С того времени прошло много лет, и Ильяс уверенно говорит: «Человек, который получил ранения, даже тяжелые увечья, не имеет оснований, чтобы себя в этой жизни потерять. Мне тоже было тяжело и больно, что я не парадным коридором возвращался с этой войны».
«Нашим врачам и медсестрам я очень благодарен. Они оказывали внимание нам, бойцам, оказавшимся в беде. Они нас уже готовили к тому, что нам предстоит вот из этого тяжелого коридора, из военной жизни, перейти в мирную, что все это будет сопровождаться какой-то оскорбительной жалостью. Вот этот элемент очень тяжелый, когда общество тебя воспринимает как ущербного, с огромным сочувствием, состраданием», — уточняет он.

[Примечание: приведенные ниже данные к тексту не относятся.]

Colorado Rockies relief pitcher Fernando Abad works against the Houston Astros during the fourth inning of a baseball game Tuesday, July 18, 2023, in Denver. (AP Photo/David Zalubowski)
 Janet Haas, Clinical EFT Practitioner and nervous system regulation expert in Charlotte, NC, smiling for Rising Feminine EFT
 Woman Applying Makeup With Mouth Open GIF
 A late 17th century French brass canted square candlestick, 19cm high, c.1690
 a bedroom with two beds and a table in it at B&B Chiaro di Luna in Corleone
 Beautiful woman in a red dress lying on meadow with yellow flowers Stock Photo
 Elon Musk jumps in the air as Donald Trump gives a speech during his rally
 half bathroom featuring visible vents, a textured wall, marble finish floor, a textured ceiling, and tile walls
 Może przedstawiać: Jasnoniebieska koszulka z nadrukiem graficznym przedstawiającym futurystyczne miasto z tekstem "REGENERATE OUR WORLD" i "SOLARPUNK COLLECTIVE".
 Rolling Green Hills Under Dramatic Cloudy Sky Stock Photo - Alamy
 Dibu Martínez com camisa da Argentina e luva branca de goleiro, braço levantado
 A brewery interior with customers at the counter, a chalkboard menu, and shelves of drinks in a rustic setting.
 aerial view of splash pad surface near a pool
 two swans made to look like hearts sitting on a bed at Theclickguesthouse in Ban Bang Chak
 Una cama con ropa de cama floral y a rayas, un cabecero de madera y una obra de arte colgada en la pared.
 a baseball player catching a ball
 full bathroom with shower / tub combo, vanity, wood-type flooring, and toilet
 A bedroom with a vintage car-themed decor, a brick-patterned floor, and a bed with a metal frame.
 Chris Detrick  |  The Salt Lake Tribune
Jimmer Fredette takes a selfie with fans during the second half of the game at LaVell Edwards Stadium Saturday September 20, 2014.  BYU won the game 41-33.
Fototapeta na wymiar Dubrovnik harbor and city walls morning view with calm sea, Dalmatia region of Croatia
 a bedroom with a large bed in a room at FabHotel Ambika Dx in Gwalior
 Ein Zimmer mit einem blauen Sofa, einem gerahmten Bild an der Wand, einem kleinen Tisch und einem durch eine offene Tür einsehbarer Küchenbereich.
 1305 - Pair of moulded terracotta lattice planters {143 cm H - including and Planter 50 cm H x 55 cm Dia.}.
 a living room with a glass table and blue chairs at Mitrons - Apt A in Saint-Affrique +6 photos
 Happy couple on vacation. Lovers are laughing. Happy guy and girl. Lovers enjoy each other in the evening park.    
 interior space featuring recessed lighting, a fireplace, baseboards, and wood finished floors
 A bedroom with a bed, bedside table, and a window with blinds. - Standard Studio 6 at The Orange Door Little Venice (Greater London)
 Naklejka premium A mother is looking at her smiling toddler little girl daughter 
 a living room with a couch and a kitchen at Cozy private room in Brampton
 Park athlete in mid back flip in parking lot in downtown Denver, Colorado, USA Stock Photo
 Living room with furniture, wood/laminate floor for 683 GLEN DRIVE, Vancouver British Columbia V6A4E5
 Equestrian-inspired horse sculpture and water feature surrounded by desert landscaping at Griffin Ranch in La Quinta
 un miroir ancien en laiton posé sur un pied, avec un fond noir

После увольнения из армии Ильяс, несмотря на то, что остался без левой ноги, закончил нефтяной институт им. Губкина в Москве. Стал бизнесменом. Сейчас Ильяс Дауди воспитывает шестерых детей — сына и пять дочерей. «Дети – это то, за что я несу ответственность. Я должен отследить процесс передачи дочерей в надежные мужские руки, чтобы они стали хорошими женами, чтобы за них не было стыдно, чтобы со стороны зятьев я слышал только слова благодарности. Моему сыну 11 лет. Перед ним я ставлю такую задачу — он должен вырасти достойным человеком, который отвечает за свои поступки. Он не должен подводить свою семью, свой народ. Он не должен подводить свою Родину. Это основное», — подытожил Ильяс.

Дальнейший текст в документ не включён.